Serving your semantic layer
Although dbt is making interesting contributions to the semantic layer, and there is a growing ecosystem of integrations, the semantic layer is fragmented. Different syntaxes and engines are available, but none has won the day yet.
It’s not uncommon for a data platform to have a semantic layer with the following components:
dbt: to define entities, attributes, relationships and field descriptions
Looker (LookML): to provide self-serve BI capabilities for internal users
Cube: to serve data to external-facing apps
dbml: to document and share the latest state of a platform’s data assets
Each of those components has its own syntax. That is a lot of manual work to port your semantic definitions from one tool to another… and it’s prone to errors.
That’s where you need a tool like Droughty to build bridges between your semantic layer components.
Reading from the data warehouse’s schemas, Droughty auto-generates semantic definition files. For example, I can simply run this:
droughty cube - profile-dir ./droughty_profiles.yml - project-dir ./droughty_projects.yml
And it will generate the following Cube definitions:
cube(`events_fct`, {
sql: `select * from analytics.events_fct`,
joins: {
observations_fct: {
relationship: `hasMany`,
sql: `${CUBE.event_pk} = ${observations_fct.event_fk}`,
},
},
dimensions: {
action_geo_country_code: {
sql: `action_geo_country_code`,
type: `string`,
description: `action geo country codes (agcc) are codes assigned to countries of the world by the action geo data company. the codes consist of five numbers and are used to classify countries by geographical region. action geo country codes are used in data analysis related to geospatial applications, including mapping, marketing, and population studies.`,
},
event_date: {
sql: `event_date`,
type: `time`,
description: `event date is the day or days that a particular event is scheduled to take place.`,
},
event_pk: {
primaryKey: true,
type: `string`,
sql: `event_pk`,
description: `an event primary key is a unique identifier associated with an event, such as a conference, corporate gathering, or other special event. the primary key is typically assigned to each attendee and is used to help control event access and track attendance.`,
},
}
});
cube(`events_fct_extended`, {
sql: `select * from ANALYTICS_QA.events_fct`,
extends: events_fct,
measures: { count_of_event_pk: {
sql: `event_pk`,
type: `count`,
},
}
});
Auto-generating semantic definition files accelerate the flow from modifying your semantic layer in dbt and exposing those changes to your semantic engines.
Below is an example of how I can now query my data warehouse with Cube using the semantic elements that were defined in dbt.
Conclusion
As stated in a prior post, dbt is positioning itself to be the data platform standard. The dbt semantic syntax is promising and is worth integrating into data platforms. But that can’t in itself drive an entire data platform’s semantic layer.

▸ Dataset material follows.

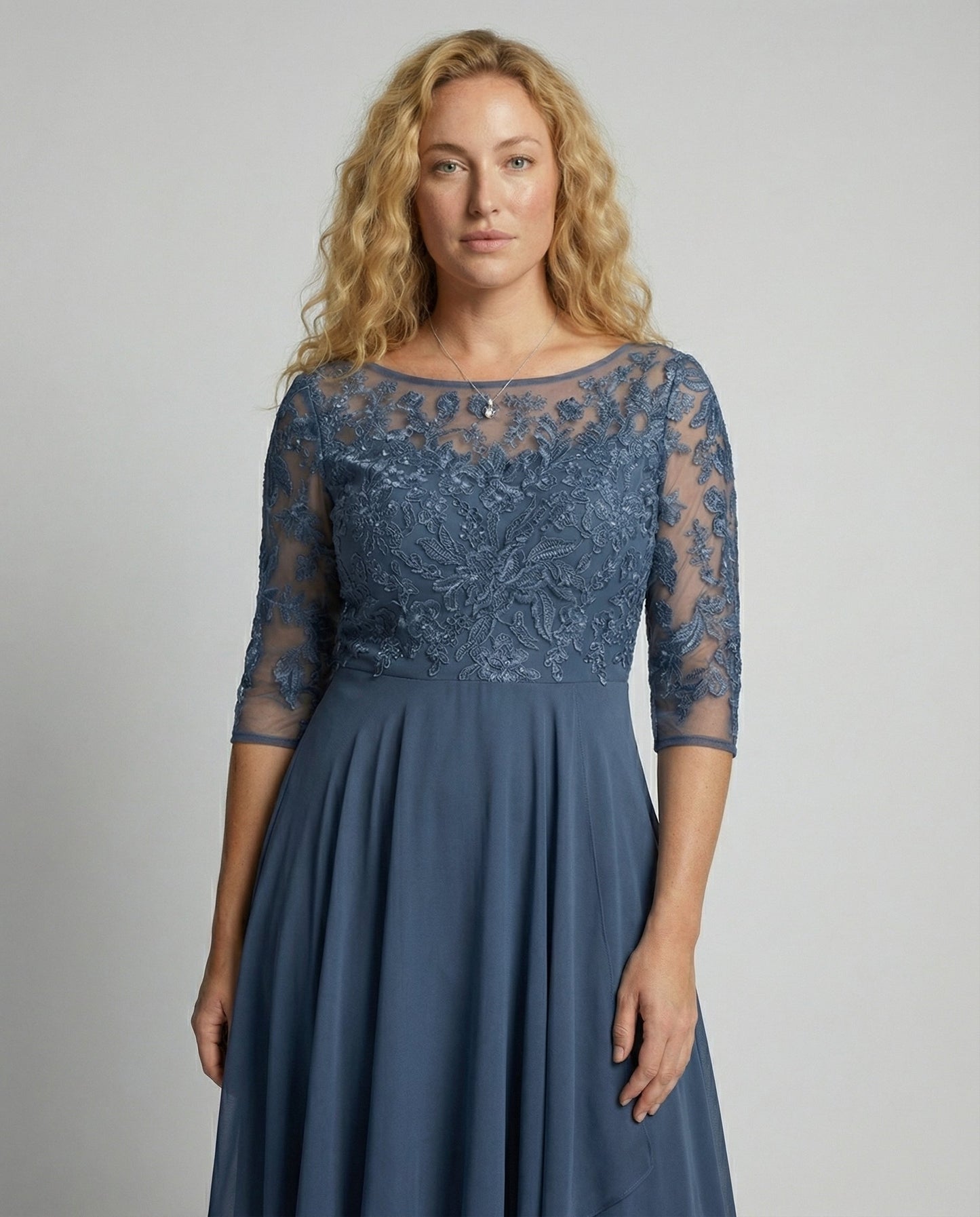 The Elegant and Comfortable Dress - upper body detail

We rely on other tools, which are well-established, mature and reliable. That includes Cube which is a great API solution for your data. It has its own syntax to define the semantic meaning of your data, but it shouldn’t be a pain to derive its definitions from what has already been defined through dbt.
Tools like Droughty are necessary when you want to build a data platform that can use what’s best from different ecosystems. Without formal integrations between certain tools, it’s up to us data practitioners to force their hands a little.